Prompt:
Copy the records below exactly, starting at the line that contains "Купить кондоминиум в" and ending at the line that contains "Lincoln Aviator — фото 9"; leave out any pictures.

Data extract:

★ ★ ★ ★ ★

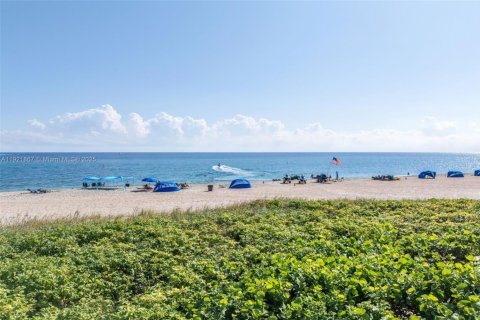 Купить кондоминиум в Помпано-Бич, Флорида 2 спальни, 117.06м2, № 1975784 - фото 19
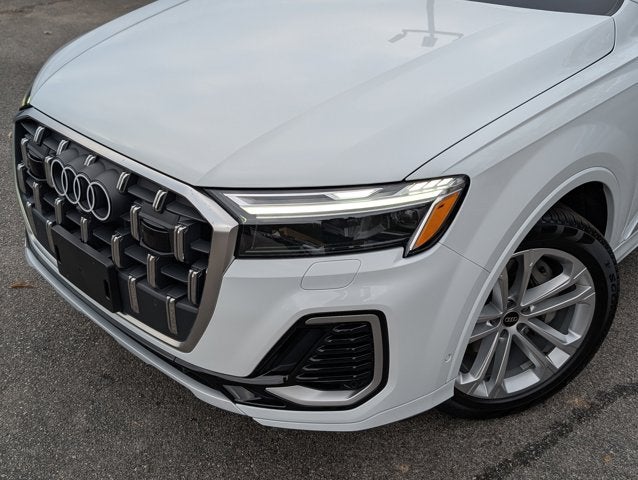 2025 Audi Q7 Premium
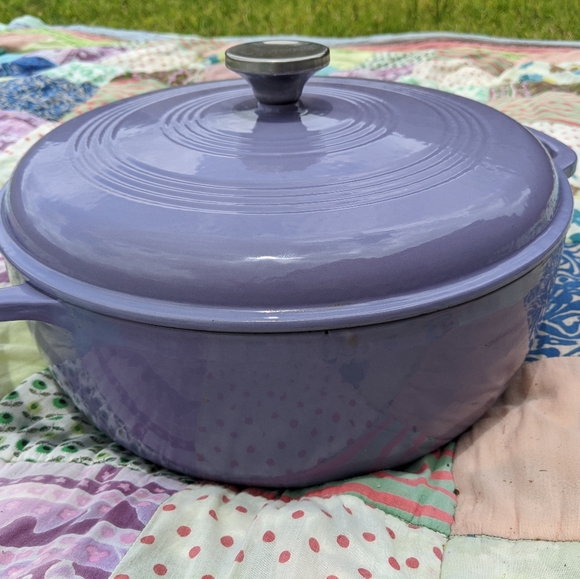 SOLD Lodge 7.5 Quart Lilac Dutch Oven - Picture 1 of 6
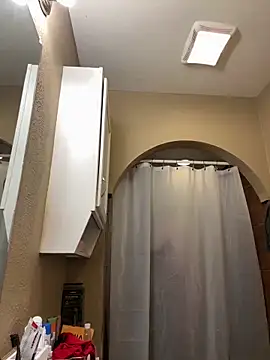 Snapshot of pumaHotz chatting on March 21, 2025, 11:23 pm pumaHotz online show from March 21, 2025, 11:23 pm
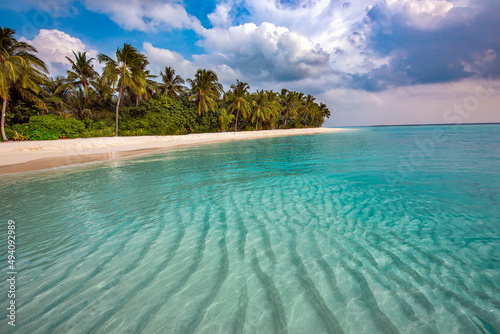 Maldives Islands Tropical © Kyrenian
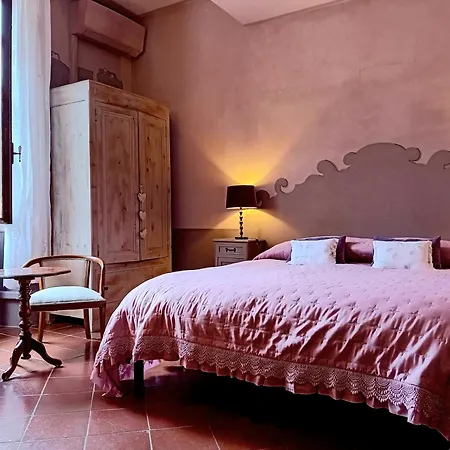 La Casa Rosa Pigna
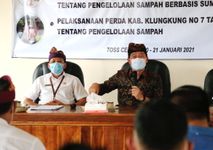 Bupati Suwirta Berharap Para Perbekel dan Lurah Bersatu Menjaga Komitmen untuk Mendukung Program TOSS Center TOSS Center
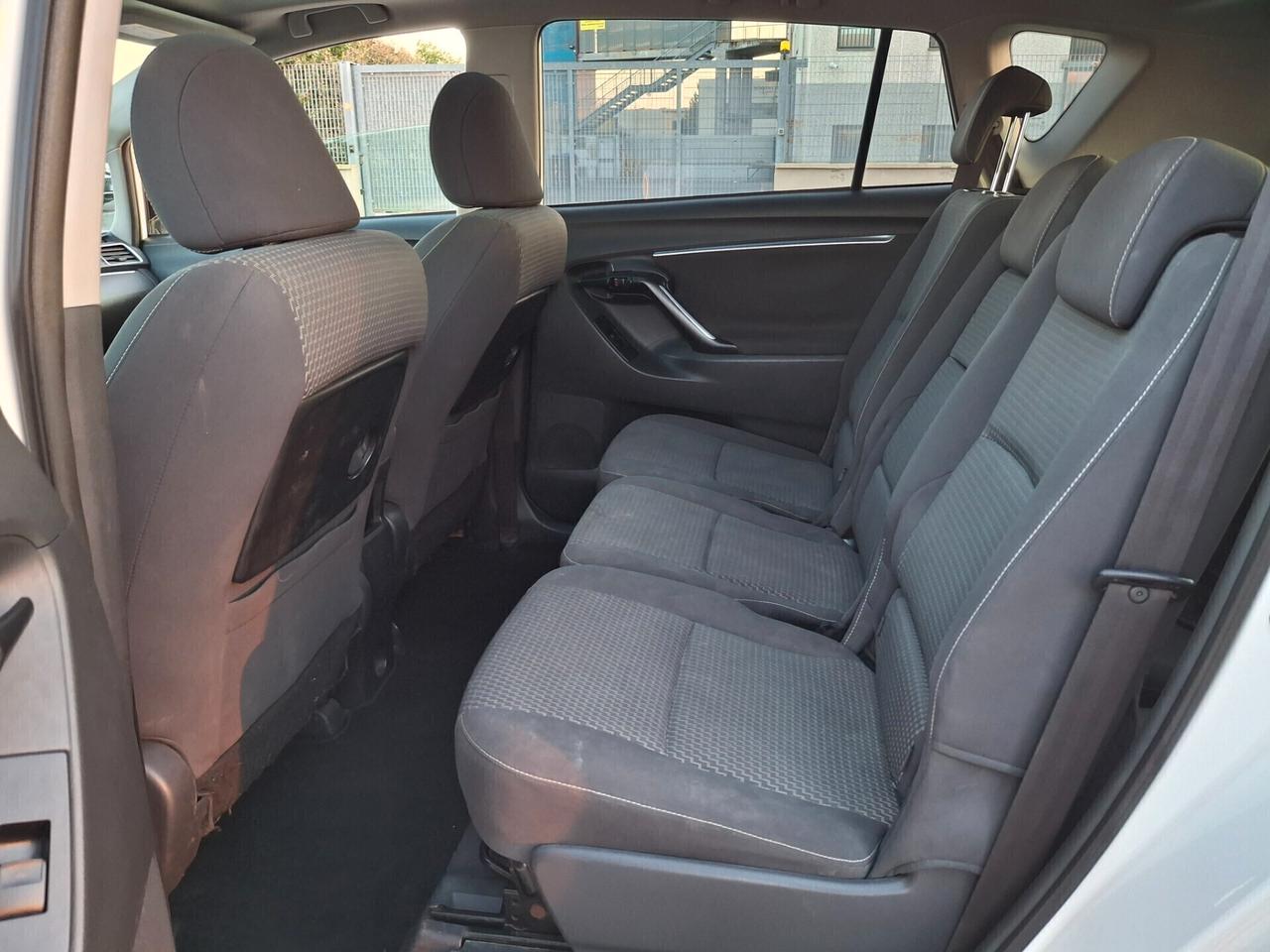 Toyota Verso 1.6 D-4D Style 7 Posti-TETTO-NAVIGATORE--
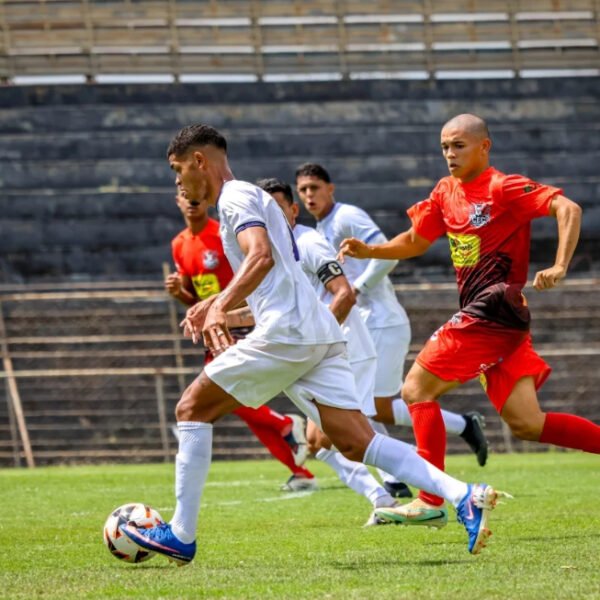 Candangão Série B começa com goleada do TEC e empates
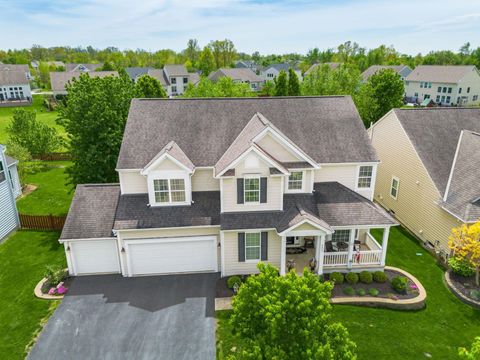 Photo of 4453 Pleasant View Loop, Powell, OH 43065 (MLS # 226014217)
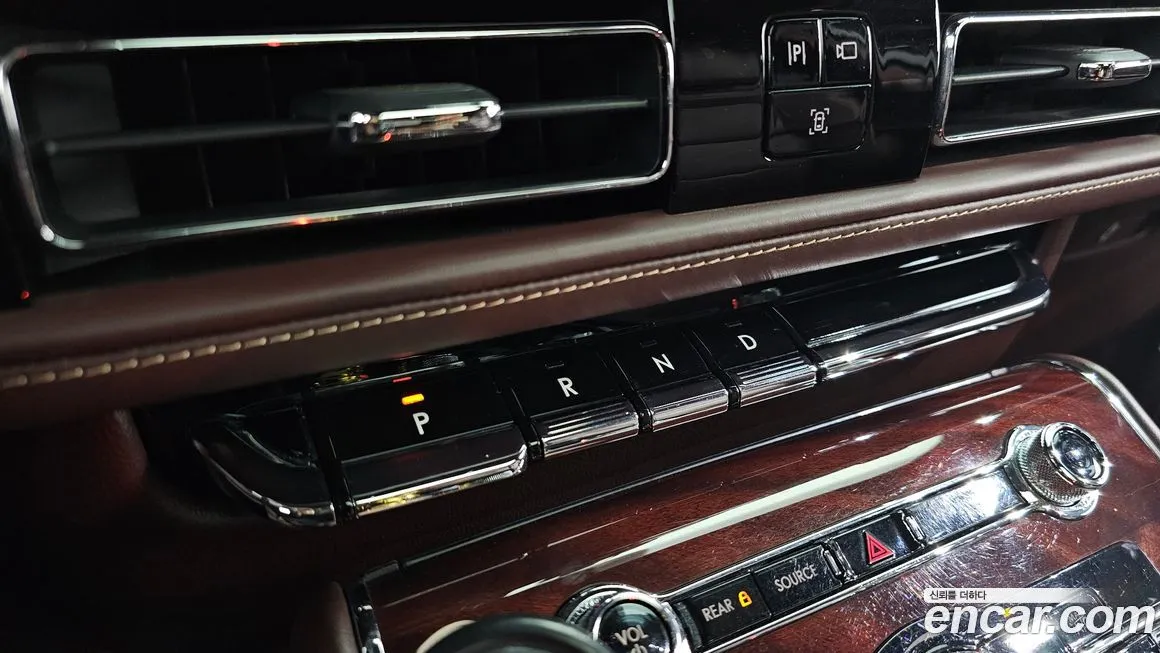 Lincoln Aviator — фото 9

★ ★ ★ ★ ★

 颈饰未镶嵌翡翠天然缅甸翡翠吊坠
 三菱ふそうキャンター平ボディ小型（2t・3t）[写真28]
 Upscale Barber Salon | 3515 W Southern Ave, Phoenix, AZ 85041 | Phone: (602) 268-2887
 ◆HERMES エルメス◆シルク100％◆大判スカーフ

★ ★ ★ ★ ★

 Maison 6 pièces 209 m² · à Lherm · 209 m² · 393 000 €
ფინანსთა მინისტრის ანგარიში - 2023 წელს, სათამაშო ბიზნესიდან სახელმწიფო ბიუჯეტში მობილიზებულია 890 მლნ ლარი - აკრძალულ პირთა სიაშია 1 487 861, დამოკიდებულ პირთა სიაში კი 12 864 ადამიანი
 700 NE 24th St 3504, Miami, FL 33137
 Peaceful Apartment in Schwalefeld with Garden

★ ★ ★ ★ ★

Exercise result:
 Купить кондоминиум в Помпано-Бич, Флорида 2 спальни, 117.06м2, № 1975784 - фото 19
 2025 Audi Q7 Premium
 SOLD Lodge 7.5 Quart Lilac Dutch Oven - Picture 1 of 6
 Snapshot of pumaHotz chatting on March 21, 2025, 11:23 pm pumaHotz online show from March 21, 2025, 11:23 pm
 Maldives Islands Tropical © Kyrenian
 La Casa Rosa Pigna
 Bupati Suwirta Berharap Para Perbekel dan Lurah Bersatu Menjaga Komitmen untuk Mendukung Program TOSS Center TOSS Center
 Toyota Verso 1.6 D-4D Style 7 Posti-TETTO-NAVIGATORE--
 Candangão Série B começa com goleada do TEC e empates
 Photo of 4453 Pleasant View Loop, Powell, OH 43065 (MLS # 226014217)
 Lincoln Aviator — фото 9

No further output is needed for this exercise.